• Work required: All lines from the one that contains "Smoke Element For Overlay Or Transition" through the close of the entries below are to be repeated exactly, without any pictures.

• Stored data:
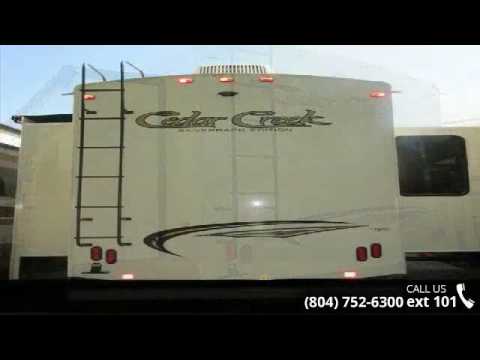 2018 Forest River Cedar Creek Silverback 29IK - Reines RV... - YouTube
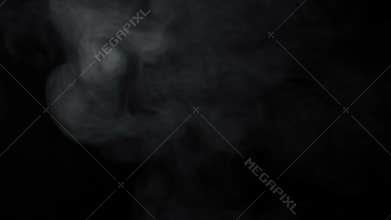 Smoke Element For Overlay Or Transition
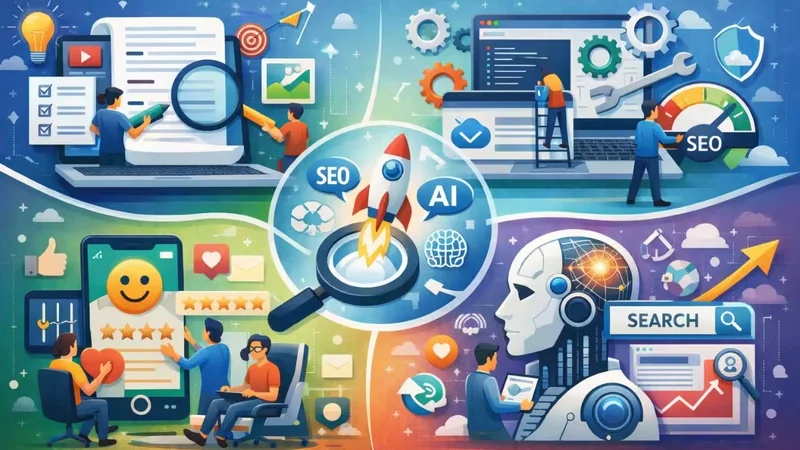 principais tipos de otimização sites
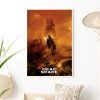 Dead Space 3 Video Game Poster PC PS4 Exclusive Role playing RPG Game Canvas Custom Poster 4 - Dead Space Merch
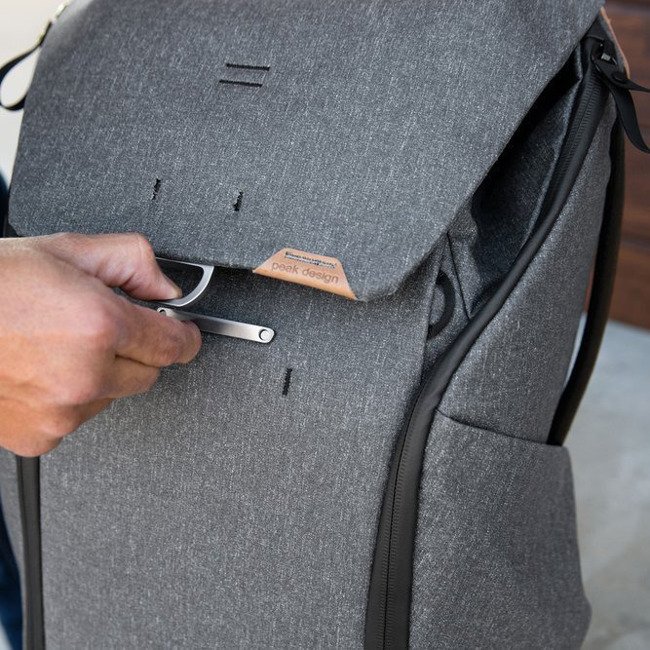 Plecak PEAK DESIGN Everyday Backpack 30L v2 EDLv2  - grafitowy 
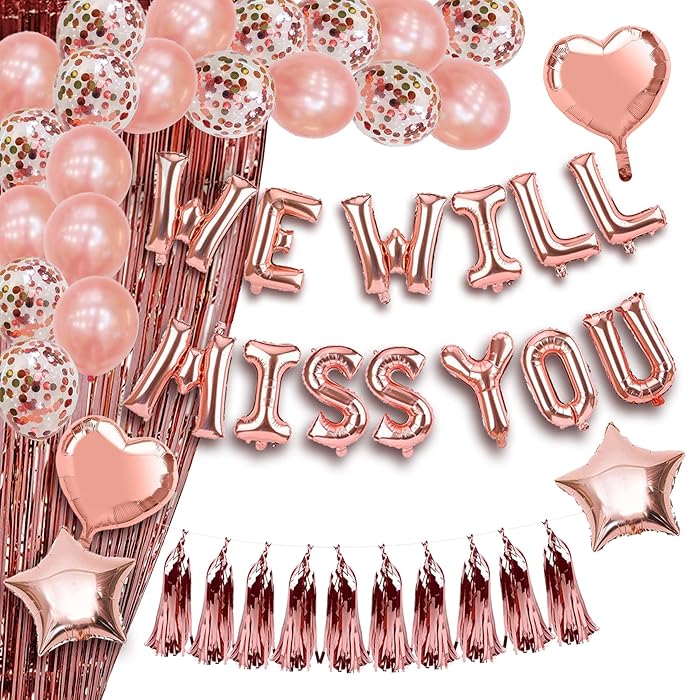 Buy Farewell Decorations Party Going Away Party Decorations for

• Problem solution:
 Smoke Element For Overlay Or Transition
 principais tipos de otimização sites
 Dead Space 3 Video Game Poster PC PS4 Exclusive Role playing RPG Game Canvas Custom Poster 4 - Dead Space Merch
 Plecak PEAK DESIGN Everyday Backpack 30L v2 EDLv2  - grafitowy 
 Buy Farewell Decorations Party Going Away Party Decorations for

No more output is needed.